He was a founder member of Simple Minds but he quit the band before they became international superstars and now lives a largely anonymous life in the little village of Kilmun in Argyll.

Three decades after the momentous split with Jim Kerr and company, John Milarky finally looks set to make a major impression on the world of showbiz at the age of 48 - as a film writer.

Glasgow-born Milarky has beaten entrants from all over the world to win a top international screenplay award, which will take him to Hollywood and put his film on the fast track to box-office success.

Already his screenplay The Strangest Thing is being compared by Variety, the leading film industry trade magazine, to It's a Wonderful Life, the all-time Christmas classic starring James Stewart.

The Strangest Thing is also set at Christmas and, like Frank Capra's timeless heart-warmer, focuses on the difference one individual can make to the lives of others.

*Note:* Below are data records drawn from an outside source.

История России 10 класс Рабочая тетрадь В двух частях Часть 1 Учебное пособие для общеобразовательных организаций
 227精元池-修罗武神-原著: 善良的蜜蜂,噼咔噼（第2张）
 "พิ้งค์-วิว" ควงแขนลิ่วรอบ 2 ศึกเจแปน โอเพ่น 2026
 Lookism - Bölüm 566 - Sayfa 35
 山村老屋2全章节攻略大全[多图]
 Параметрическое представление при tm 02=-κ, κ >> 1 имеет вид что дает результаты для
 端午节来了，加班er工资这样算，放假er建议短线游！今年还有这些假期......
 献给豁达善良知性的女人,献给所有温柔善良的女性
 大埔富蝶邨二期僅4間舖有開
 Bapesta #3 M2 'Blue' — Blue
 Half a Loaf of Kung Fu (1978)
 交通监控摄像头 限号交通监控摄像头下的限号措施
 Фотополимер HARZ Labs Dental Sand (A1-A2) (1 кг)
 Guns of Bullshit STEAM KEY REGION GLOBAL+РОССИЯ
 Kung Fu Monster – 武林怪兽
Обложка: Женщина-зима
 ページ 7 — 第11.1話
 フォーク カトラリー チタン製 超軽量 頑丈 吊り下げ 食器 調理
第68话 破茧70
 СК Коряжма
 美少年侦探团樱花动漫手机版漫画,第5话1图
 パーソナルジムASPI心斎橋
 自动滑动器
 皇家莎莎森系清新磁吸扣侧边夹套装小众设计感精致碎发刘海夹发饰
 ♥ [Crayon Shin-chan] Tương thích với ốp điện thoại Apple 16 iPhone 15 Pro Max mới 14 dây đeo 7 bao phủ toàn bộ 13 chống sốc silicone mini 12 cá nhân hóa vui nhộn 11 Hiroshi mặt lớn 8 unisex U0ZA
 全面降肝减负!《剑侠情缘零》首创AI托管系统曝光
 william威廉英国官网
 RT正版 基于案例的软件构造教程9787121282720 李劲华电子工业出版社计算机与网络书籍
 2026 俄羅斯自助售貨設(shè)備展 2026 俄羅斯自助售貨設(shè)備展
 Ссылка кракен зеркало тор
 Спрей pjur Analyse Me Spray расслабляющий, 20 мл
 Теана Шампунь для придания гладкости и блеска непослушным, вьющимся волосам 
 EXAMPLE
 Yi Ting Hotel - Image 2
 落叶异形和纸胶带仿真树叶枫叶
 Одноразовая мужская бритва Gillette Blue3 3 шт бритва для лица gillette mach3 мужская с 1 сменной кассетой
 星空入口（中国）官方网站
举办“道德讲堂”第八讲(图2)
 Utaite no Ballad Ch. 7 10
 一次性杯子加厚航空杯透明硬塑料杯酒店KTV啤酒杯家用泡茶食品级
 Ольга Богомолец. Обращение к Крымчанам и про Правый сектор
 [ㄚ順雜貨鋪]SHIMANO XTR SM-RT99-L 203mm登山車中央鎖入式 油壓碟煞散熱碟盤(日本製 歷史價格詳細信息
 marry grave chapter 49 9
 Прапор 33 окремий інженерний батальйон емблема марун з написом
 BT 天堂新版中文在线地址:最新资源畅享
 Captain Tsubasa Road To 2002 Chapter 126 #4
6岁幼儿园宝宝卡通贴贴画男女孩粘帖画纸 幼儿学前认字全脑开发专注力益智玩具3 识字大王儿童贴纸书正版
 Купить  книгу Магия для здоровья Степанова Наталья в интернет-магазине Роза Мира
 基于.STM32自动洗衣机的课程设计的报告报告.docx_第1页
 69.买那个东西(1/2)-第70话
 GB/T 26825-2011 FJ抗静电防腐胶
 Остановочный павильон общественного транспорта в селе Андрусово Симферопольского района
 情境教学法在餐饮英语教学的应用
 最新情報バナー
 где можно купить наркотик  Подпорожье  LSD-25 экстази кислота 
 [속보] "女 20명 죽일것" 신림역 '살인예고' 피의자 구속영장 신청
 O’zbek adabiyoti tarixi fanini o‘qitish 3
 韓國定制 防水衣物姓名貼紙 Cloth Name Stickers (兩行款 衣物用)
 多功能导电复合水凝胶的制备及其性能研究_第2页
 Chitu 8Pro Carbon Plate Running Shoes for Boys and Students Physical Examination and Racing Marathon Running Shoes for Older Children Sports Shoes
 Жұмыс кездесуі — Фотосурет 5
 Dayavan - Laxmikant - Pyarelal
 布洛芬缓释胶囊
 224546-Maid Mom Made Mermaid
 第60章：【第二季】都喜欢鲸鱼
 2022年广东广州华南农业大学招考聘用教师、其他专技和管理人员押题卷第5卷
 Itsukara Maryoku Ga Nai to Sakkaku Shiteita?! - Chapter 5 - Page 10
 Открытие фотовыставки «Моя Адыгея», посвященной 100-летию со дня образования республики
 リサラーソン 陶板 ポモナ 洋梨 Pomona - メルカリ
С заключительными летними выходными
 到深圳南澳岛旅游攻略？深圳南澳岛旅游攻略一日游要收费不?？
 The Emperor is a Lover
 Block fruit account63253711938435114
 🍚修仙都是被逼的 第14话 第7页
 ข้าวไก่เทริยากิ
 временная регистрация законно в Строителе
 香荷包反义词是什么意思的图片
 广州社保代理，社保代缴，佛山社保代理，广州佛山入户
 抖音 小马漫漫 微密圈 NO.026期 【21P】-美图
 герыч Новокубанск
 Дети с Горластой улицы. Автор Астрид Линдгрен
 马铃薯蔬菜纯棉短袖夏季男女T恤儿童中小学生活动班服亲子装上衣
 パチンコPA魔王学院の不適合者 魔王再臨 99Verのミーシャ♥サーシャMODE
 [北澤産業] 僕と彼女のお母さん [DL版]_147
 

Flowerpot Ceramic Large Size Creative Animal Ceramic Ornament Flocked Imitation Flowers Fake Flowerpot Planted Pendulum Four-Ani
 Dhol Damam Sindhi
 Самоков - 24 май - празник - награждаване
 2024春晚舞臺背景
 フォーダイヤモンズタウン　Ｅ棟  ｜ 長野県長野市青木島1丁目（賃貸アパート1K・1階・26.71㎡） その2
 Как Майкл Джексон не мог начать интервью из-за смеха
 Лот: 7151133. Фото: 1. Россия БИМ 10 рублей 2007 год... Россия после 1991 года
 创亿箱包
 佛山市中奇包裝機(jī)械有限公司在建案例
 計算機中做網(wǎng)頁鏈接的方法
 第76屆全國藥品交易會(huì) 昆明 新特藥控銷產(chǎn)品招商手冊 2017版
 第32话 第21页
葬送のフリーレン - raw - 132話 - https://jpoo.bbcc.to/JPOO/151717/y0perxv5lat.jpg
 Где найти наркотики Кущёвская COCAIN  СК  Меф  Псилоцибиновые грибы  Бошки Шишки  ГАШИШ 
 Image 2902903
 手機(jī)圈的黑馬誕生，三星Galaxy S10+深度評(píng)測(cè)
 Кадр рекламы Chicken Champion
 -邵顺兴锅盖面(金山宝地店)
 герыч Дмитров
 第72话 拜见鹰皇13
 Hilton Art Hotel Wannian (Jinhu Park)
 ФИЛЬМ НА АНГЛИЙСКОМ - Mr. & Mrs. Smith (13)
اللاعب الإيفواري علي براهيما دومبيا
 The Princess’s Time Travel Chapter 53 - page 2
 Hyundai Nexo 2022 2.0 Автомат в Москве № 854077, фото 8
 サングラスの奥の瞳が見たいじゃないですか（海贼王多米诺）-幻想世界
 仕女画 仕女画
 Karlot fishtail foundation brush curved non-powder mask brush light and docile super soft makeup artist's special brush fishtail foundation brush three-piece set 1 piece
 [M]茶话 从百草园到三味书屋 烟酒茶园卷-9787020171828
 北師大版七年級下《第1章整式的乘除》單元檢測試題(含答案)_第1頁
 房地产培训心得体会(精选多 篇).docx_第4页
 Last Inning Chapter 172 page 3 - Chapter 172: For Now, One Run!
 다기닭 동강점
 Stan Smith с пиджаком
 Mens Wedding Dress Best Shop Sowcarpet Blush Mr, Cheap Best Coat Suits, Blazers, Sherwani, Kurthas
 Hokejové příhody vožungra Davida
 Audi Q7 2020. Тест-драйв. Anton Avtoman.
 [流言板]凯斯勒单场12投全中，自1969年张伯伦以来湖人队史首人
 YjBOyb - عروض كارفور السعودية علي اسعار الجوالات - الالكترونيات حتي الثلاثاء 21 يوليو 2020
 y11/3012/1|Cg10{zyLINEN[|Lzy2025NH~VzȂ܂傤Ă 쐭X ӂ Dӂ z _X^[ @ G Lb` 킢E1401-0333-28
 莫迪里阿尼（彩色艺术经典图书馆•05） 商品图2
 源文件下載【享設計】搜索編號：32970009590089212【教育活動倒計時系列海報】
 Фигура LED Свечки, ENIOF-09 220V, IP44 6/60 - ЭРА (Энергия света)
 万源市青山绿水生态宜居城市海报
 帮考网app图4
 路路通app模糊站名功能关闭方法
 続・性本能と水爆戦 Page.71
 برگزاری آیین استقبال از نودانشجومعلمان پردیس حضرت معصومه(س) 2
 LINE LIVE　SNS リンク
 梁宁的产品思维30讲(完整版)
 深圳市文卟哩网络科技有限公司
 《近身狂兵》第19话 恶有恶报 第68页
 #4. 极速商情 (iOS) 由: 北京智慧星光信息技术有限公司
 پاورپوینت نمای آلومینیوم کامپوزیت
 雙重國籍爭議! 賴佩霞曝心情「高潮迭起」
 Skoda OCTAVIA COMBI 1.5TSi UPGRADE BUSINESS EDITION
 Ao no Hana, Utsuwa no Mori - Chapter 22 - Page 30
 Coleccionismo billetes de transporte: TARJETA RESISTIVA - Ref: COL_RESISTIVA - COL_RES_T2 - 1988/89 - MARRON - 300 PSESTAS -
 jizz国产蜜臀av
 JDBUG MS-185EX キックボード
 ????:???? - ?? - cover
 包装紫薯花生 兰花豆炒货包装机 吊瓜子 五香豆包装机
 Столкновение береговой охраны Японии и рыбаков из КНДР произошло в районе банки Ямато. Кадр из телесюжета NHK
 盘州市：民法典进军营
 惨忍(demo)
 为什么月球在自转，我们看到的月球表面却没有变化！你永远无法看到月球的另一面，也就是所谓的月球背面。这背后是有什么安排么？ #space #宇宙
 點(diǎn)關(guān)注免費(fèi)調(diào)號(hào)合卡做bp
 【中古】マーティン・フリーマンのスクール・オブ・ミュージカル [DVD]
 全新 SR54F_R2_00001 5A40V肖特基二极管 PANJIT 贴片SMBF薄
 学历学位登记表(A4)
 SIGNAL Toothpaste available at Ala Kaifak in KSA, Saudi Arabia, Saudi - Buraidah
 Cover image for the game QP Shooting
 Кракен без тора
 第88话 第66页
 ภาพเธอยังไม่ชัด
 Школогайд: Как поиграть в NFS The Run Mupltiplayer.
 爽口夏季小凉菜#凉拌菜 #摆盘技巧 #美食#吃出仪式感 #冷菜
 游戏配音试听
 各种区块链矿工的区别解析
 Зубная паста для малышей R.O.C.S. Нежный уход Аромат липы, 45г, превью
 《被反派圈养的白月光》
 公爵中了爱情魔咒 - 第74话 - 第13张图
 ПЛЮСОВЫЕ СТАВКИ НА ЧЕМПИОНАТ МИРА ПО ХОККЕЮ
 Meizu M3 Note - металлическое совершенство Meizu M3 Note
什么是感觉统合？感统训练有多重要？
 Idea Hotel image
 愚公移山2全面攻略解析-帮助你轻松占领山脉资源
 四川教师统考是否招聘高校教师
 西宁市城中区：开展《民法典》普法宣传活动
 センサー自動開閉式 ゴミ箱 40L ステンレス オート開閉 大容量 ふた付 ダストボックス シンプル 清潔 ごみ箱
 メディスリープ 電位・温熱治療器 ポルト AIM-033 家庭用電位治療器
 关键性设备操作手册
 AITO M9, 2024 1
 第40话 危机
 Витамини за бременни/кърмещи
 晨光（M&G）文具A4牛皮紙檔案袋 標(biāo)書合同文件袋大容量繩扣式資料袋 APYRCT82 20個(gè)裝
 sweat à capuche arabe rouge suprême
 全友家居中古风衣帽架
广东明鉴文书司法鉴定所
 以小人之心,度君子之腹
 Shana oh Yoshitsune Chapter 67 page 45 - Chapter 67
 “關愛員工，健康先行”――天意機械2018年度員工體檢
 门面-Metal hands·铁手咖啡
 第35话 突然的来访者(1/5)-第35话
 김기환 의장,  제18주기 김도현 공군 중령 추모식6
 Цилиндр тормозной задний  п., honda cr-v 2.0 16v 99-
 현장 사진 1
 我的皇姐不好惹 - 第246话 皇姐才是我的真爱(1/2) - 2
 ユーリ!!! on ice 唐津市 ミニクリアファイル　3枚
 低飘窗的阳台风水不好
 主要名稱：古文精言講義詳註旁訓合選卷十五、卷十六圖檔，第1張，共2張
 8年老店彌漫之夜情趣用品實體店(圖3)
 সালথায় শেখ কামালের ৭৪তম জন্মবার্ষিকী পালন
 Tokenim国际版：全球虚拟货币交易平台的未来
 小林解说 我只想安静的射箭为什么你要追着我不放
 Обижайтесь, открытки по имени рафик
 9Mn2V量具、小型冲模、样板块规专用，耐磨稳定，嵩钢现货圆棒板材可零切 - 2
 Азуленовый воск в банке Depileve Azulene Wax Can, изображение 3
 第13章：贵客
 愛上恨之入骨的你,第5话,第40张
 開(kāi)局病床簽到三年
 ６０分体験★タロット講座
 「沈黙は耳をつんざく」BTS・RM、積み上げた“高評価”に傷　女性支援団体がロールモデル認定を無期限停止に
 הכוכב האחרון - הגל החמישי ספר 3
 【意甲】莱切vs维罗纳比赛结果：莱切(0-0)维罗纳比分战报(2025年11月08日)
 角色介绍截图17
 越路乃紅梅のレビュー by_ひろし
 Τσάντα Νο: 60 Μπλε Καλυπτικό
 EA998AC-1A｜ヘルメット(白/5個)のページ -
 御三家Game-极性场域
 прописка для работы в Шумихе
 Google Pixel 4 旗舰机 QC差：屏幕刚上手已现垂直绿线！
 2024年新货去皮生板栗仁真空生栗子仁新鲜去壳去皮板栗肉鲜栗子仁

But while Capra's 1946 film was set in the fictional town of Bedford Falls, New York, The Strangest Thing is set in Scotland at the end of the 19th century.

Destiny has determined that the film's protagonist, Nolan, should die in a train crash, but he escapes unharmed. To rectify this "blunder", the Angel of Death comes calling for him.

But the angel gets caught up in the fate of Nolan's home town of Rathbeg. The little Highland town is threatened by an evil landlord and the angel finds it increasingly difficult not to intervene, gradually becoming humanised by the experience.

Milarky was nominated by Scottish Screen for the Hartley Merrill International Screenwriting Prize, endowed by American film mogul Ted Hartley and his wife, actress and socialite Dina Merrill.

Past winners have had a remarkable success rate, with 39 of the 51 winning screenplays being made into films.

Milarky was a founding member of Simple Minds in 1977. They started off as a punk outfit known as Johnny and the Self Abusers, and Kerr and Milarky shared vocal duties. But there were tensions from the outset and he left at the end of that year, not long after the change of name.

He watched from a distance as Simple Minds became one of the biggest pop groups of the 1980s. Kerr is estimated to have made about £50m from the band.

If all goes well, the film is likely to be shot in the Highlands next year.